Ainda assim, todos os anos os amigos decidem fazer umas férias de verão juntos, sempre num destino diferente. Contudo, numa destas viagens, acontece um mal entendido e os amigos zangam-se.
Após dois anos sem se falarem, Poppy e Alex voltam a encontrar-se para um casamento, numas novas férias que trazem de volta os seus desentendimentos, os seus problemas e os seus sentimentos.
As rom-coms fazem falta
Enquanto comédia romântica, “People We Meet on Vacation” é um filme divertido, com muita dinâmica e um romance que vai crescendo ao longo do filme. É interessante ver a forma como os dois amigos se foram conhecendo e como as diferenças entre os dois os põe à prova e os fazem crescer.
Assim, apesar de ser um filme pequeno, consegue ter um bom desenvolvimento de personagens e conseguimos ver como, lentamente, o relacionamento entre as personagens vai evoluindo. Nada parece demasiado rápido ou apressado, saímos do filme a sentir que conhecemos as personagens.
Fazem falta este tipo de filmes, em que nos divertimos, em que rimos e ainda nos emocionamos também. E em que torcemos para que estas personagens fiquem juntas. Esta é a prova de que as comédias românticas ainda estão boas e recomendam-se.
Esta adaptação podia ser mais fiel à sua história de origem

Apesar de, como disse, este filme ser uma ótima rom-com, as suas diferenças quanto ao livro são visíveis e pioram a experiência de quem o leu. “People We Meet on Vacation” não é uma boa adaptação, no sentido em que mudou muito do “core” da história.
Emily Henry não escreve comédias românticas, escreve dramas românticos. Está aí a primeira grande diferença entre o livro e o filme. Além disso, mudaram todo o setting da história.
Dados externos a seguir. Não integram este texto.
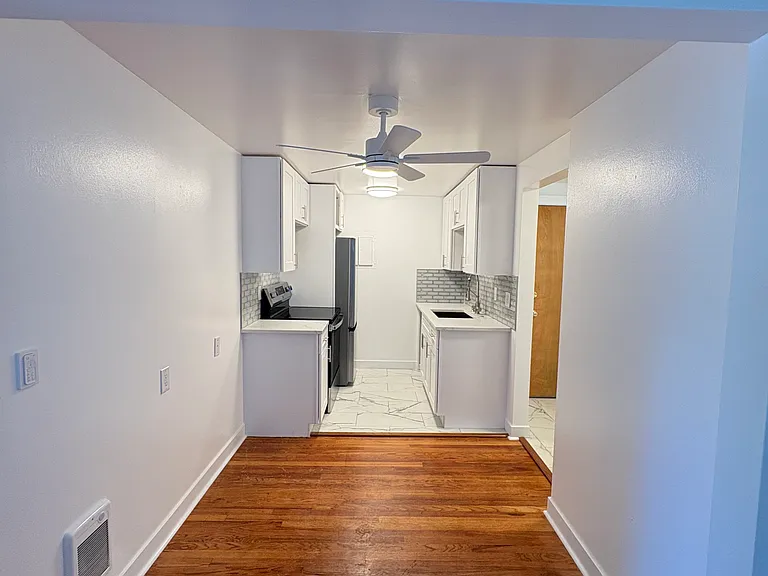 2345 Minor Ave E #9 — Photo 13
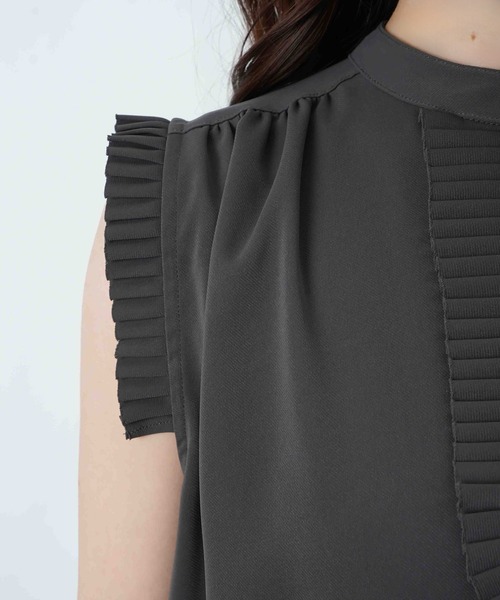 LUCA/LADY LUCK LUCA（ルカ/レディラックルカ）の「LC/LLL プリーツフリルワンピース/プリーツノースリワンピース（ワンピース・レディース・チャコールグレー/ブラック・FREE）」の8枚目の写真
No livro, o casamento acontece em Palm Springs, após Poppy se despedir do emprego e alugar um Motel para a sua estadia.
Esse Motel é quase uma personagem do livro, tem muita importância no desenvolver do relacionamentos de Poppy e Alex e cria uma atmosfera muito própria na história. Não fez sentido mover a ação para Barcelona, quando não aparecem paisagens e cenários na cidade.
Além disso, as últimas férias dos amigos, na Toscana, foram totalmente alteradas. No livro, Alex não pede Sarah em casamento. Os amigos desentendem-se após um beijo e a falta de comunicação faz com que deixem de falar um com o outro. Nesta versão em filme, parece que Alex faz a proposta em tom de vingança para com Poppy, o que muda a personalidade da personagem.
Estas são mudanças que não fazem diferença para quem apenas viu o filme. Pois o filme está bem construído enquanto rom-com. No entanto, para quem leu o livro, as diferenças são demasiadas.
Emily Bader e Tom Blyth deviam contracenar mais vezes

Para quem não sabe, Emily Bader ficou conhecida por “My Lady Jane”, a série da Prime Video que junta fantasia a ficção histórica. Já Tom Blyth tornou-se num fenómeno após interpretar o Presidente Snow em “Ballad of Songbirds and Snakes”, a prequela de “Hunger Games”.
Agora, os dois carismáticos atores juntam-se no romance “People We Meet on Vacation”. A dupla de atores tem muita química e é isso que faz o filme, pois todo o desenvolvimento do romance torna-se mais credível pela dinâmica entre os dois. Cada um dos atores encaixa perfeitamente na sua personagem e nunca parecem falsos ao interpretarem estas duas pessoas tão diferentes.
Conclusão
“People We Meet on Vacation” resulta enquanto comédia romântica divertida e emocional, sustentada pela forte química entre os protagonistas. Como adaptação do livro, perde alguma profundidade por deixar de lado partes importantes da história.